INSTRUCTIONS FOR THE TASK: Transcribe every line of the material below exactly, leaving out the pictures.

DATA PROVIDED:
__________________________________________________

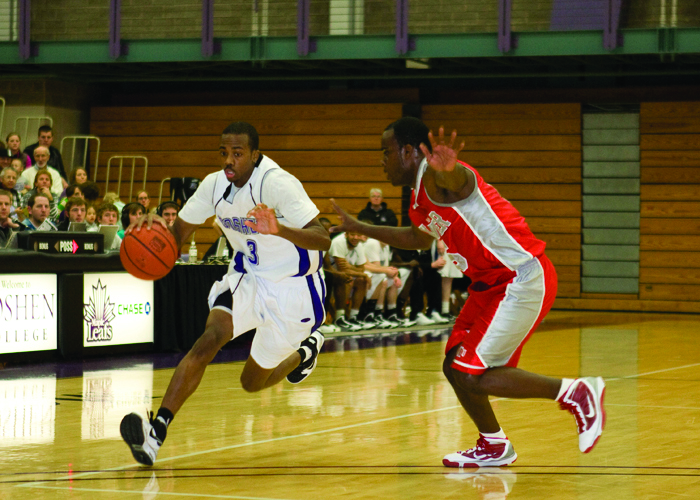 Wearing his Goshen College jersey, Errick McCollum dribbles the ball down the court in the RFC and keeps a player from an opposing team away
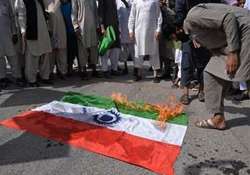 protesters burn indian flag in pok against crackdown on separatists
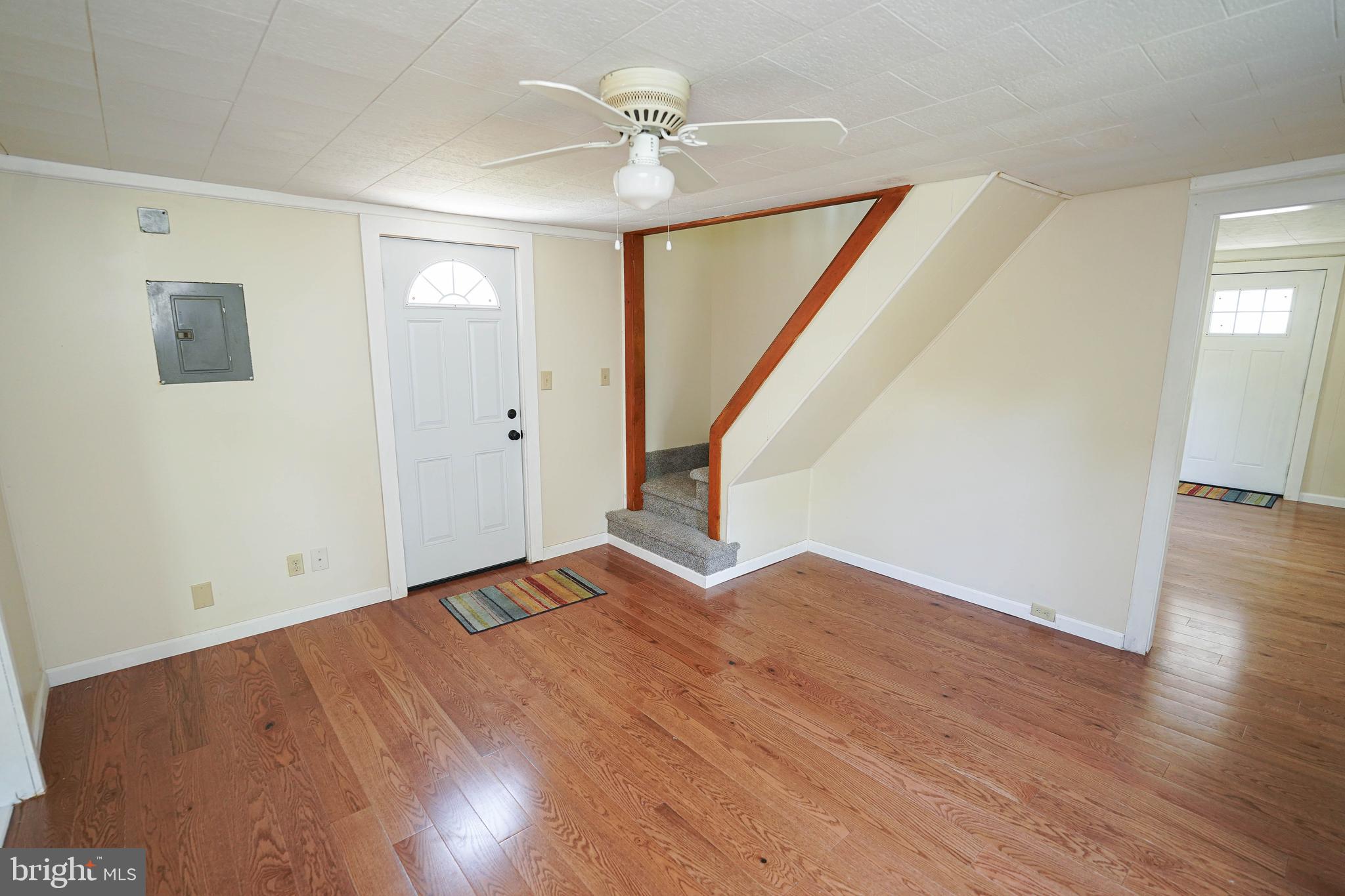 533 East 4th Street Laurel, DE 19956 - Photo 11 of 42 wooden floor in an empty room with a window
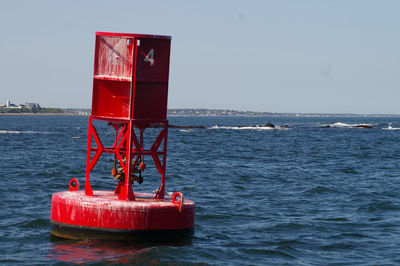 Red buoy floating on sea against clear sky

__________________________________________________

ANSWER SECTION:
 Wearing his Goshen College jersey, Errick McCollum dribbles the ball down the court in the RFC and keeps a player from an opposing team away
 protesters burn indian flag in pok against crackdown on separatists
 533 East 4th Street Laurel, DE 19956 - Photo 11 of 42 wooden floor in an empty room with a window
 Red buoy floating on sea against clear sky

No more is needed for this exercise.